[Materials provided]

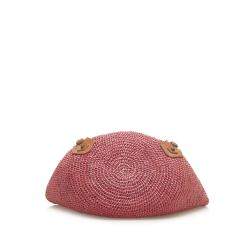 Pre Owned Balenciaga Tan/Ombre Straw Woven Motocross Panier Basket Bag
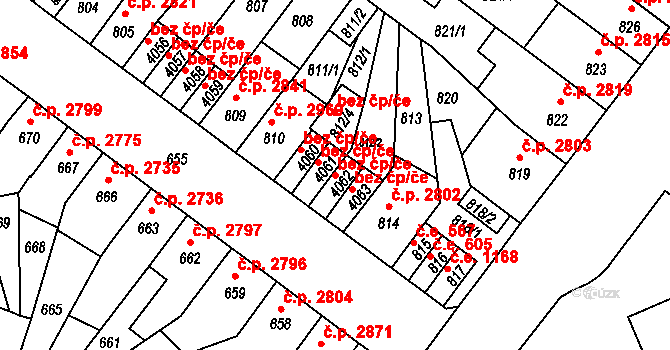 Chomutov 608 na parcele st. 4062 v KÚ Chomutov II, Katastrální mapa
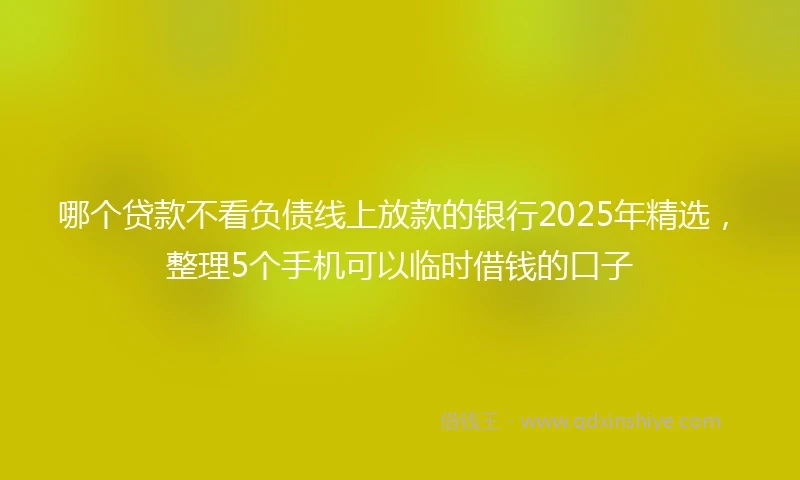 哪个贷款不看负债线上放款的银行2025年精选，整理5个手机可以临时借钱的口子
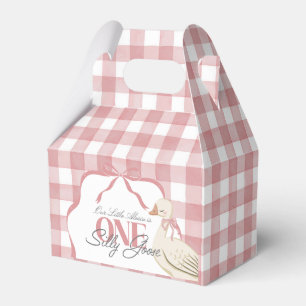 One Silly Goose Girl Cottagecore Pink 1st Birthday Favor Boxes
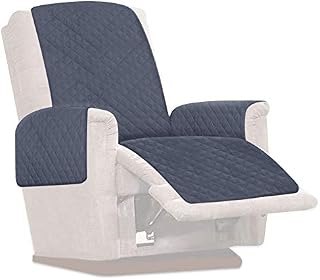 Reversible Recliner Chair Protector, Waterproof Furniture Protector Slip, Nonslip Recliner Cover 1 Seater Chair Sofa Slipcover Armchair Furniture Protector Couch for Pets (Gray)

[/Materials provided]
[Materials provided]

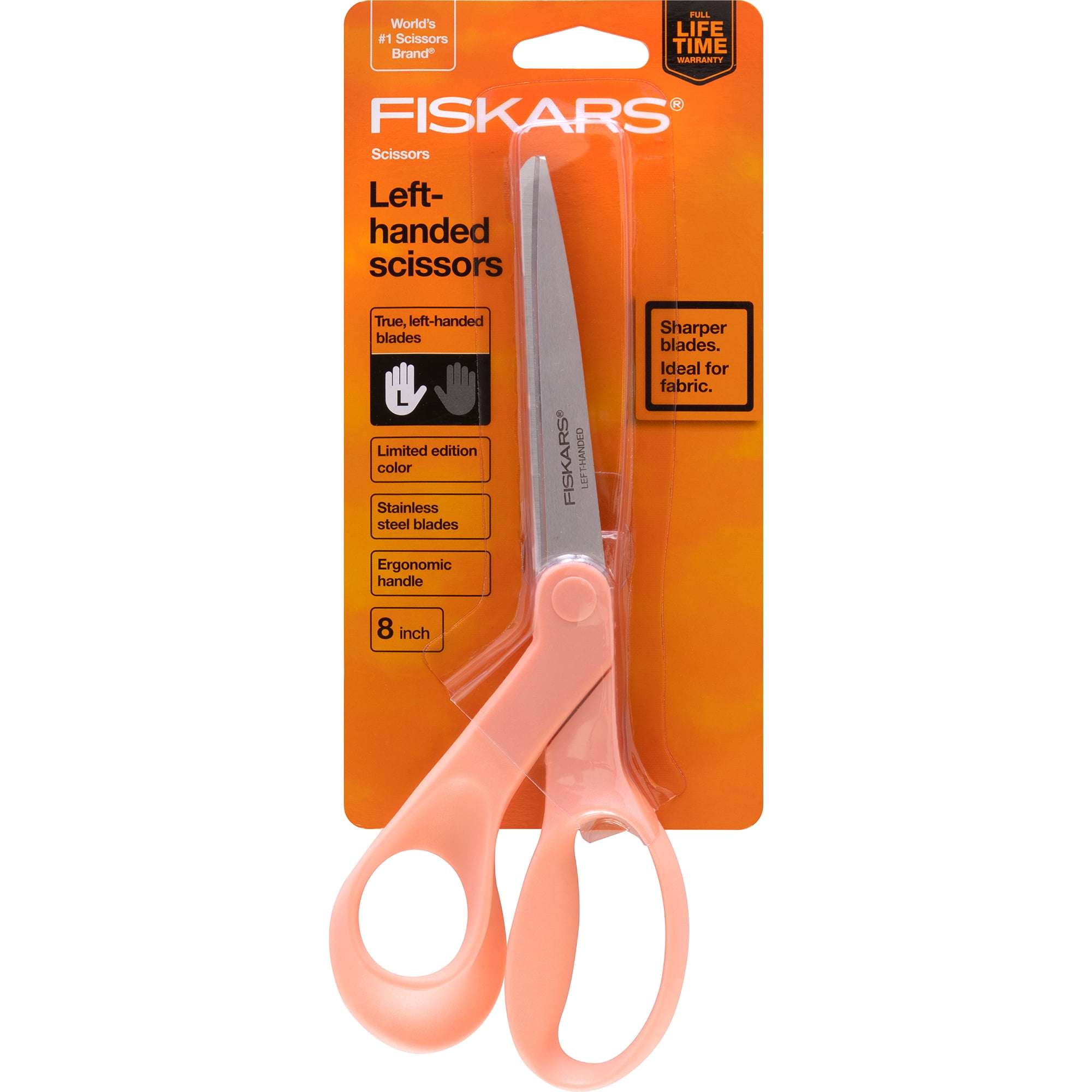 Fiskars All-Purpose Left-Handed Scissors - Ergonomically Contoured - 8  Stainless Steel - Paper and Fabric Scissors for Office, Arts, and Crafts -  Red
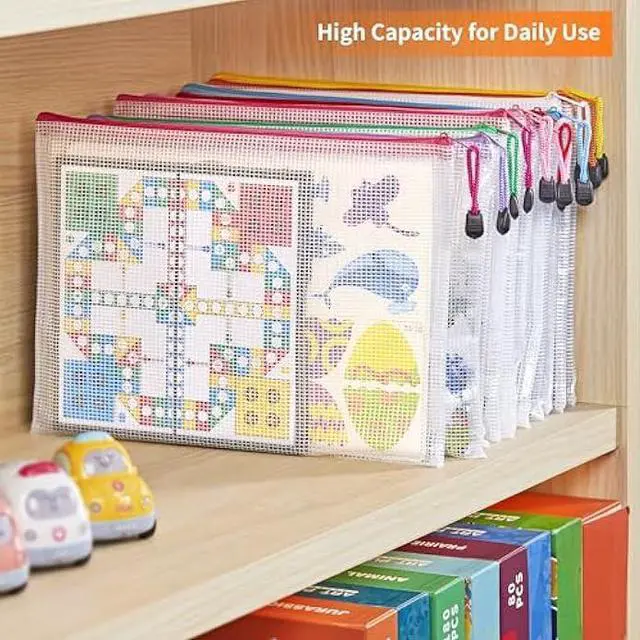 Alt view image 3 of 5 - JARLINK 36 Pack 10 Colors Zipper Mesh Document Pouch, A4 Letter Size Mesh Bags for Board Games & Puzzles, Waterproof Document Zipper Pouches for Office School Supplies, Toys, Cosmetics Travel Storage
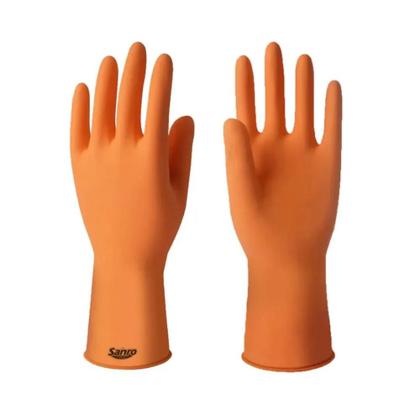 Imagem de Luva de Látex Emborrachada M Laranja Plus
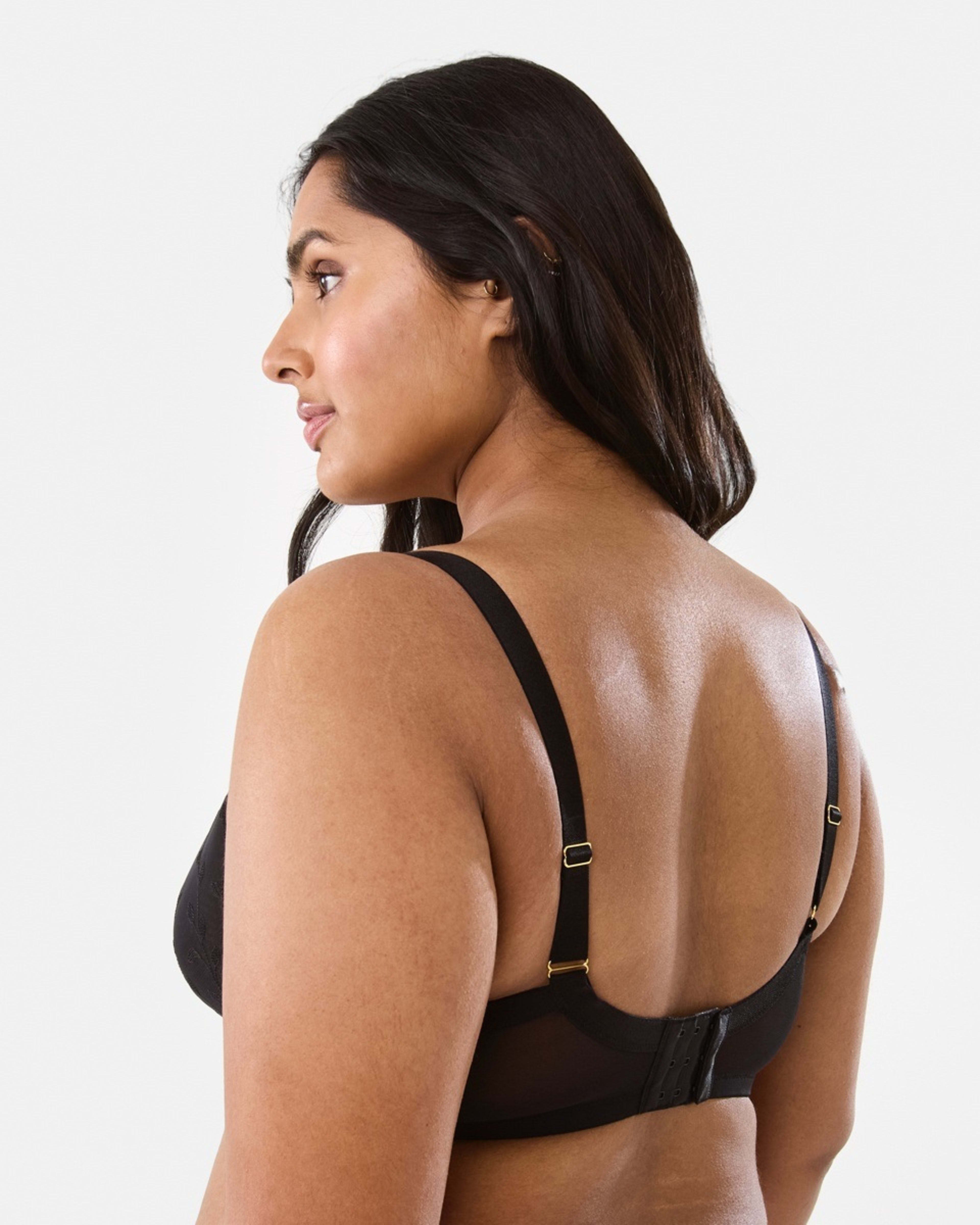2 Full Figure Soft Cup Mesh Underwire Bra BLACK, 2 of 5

[/Materials provided]
[Materials provided]

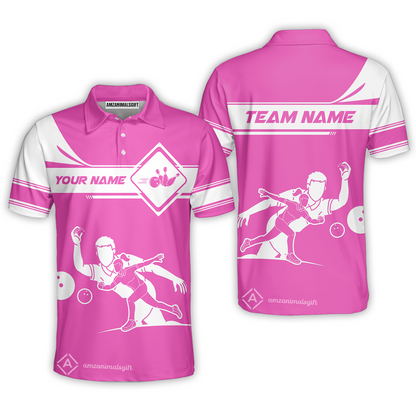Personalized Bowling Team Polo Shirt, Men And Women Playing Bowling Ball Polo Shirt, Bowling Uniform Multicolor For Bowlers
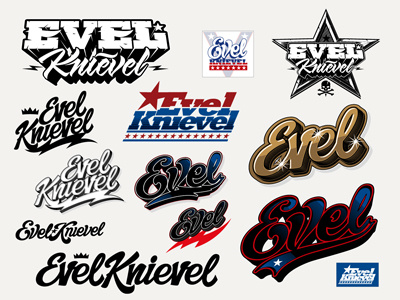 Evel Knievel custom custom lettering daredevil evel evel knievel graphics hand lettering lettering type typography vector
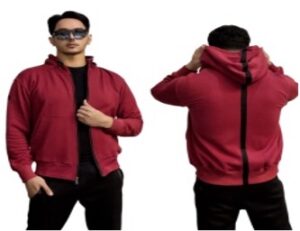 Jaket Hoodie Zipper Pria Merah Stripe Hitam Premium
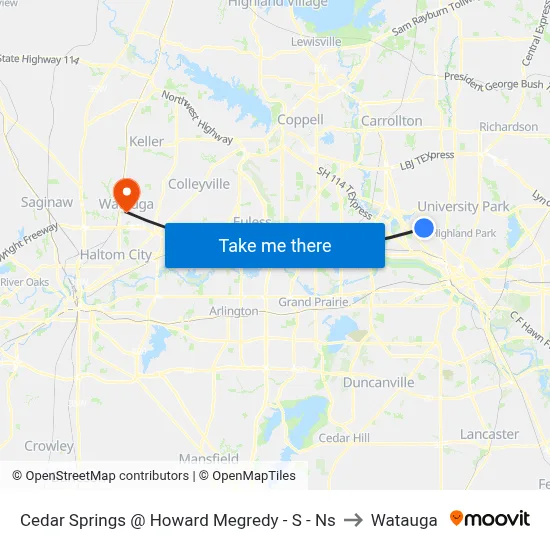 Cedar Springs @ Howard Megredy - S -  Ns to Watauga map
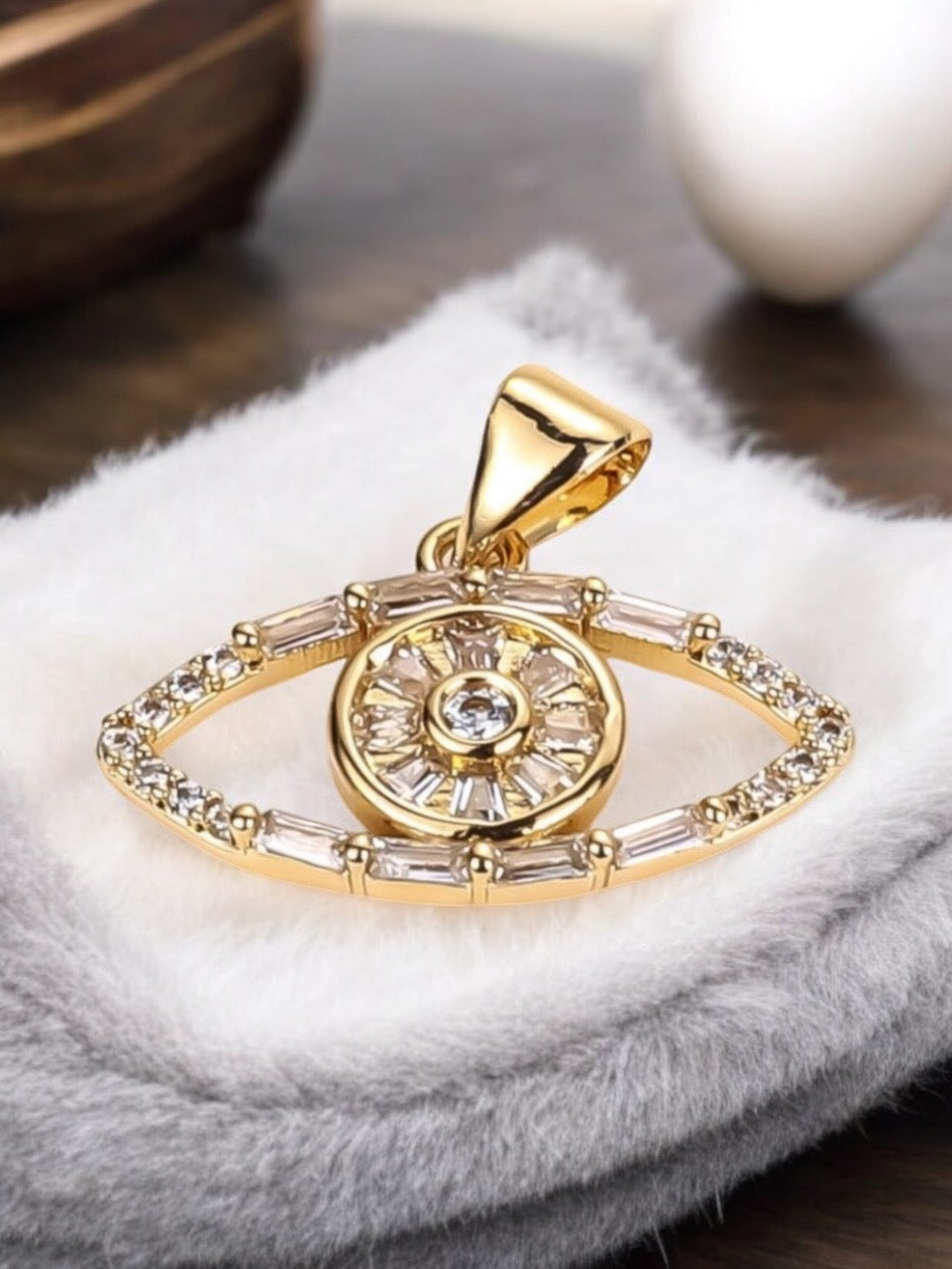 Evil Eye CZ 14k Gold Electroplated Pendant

[/Materials provided]

What you have to do: Reproduce the data above exactly, but only from the line containing "Evel Knievel custom" through the line containing "Evil Eye CZ 14k Gold Electroplated Pendant". Omit all pictures.

Exercise result:
 Evel Knievel custom custom lettering daredevil evel evel knievel graphics hand lettering lettering type typography vector
 Jaket Hoodie Zipper Pria Merah Stripe Hitam Premium
 Cedar Springs @ Howard Megredy - S -  Ns to Watauga map
 Evil Eye CZ 14k Gold Electroplated Pendant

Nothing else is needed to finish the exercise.